# Advice on relocating to Lisbon



## Luke12 (Apr 28, 2017)

Hi,

I am a Portuguese citizen by decent and currently residing in the Gulf. I am looking at relocating to Portugal (LIS) and would sincerely need your advice / tips. I am fluent in written and spoken English and in the process of learning Portuguese. We are a family of four (wife and 2 school going kids). 

1.	I need to know when would be the best time to move considering that my kids need to continue schooling. 

2.	What are the jobs prospects (Finance related) and would I be able to find one considering I speak only English? If yes, where should I possibly look? 

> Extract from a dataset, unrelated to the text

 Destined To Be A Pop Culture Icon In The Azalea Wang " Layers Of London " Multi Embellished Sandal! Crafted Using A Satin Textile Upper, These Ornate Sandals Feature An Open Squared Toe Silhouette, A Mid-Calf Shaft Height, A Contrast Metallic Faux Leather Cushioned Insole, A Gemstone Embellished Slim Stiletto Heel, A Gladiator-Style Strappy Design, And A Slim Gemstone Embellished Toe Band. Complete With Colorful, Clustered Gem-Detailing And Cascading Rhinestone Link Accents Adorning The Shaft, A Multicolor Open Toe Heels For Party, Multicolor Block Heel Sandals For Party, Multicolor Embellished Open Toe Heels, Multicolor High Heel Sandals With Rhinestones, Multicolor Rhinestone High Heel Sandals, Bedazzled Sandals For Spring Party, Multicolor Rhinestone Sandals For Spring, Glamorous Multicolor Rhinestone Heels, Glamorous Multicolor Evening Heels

3.	What sort of housing and monthly salary should I be looking at to begin with?

Thanks in advance.


----------



## siobhanwf (Mar 20, 2009)

Luke12 said:


> Hi,
> 
> I am a Portuguese citizen by decent and currently residing in the Gulf. I am looking at relocating to Portugal (LIS) and would sincerely need your advice / tips. I am fluent in written and spoken English and in the process of learning Portuguese. We are a family of four (wife and 2 school going kids).
> 
> ...


* [*

May I suggest that you use the search facility on the forum and you might be able to get more accurate information to your exact thought and concerns. All three subjects have been covered widely already


----------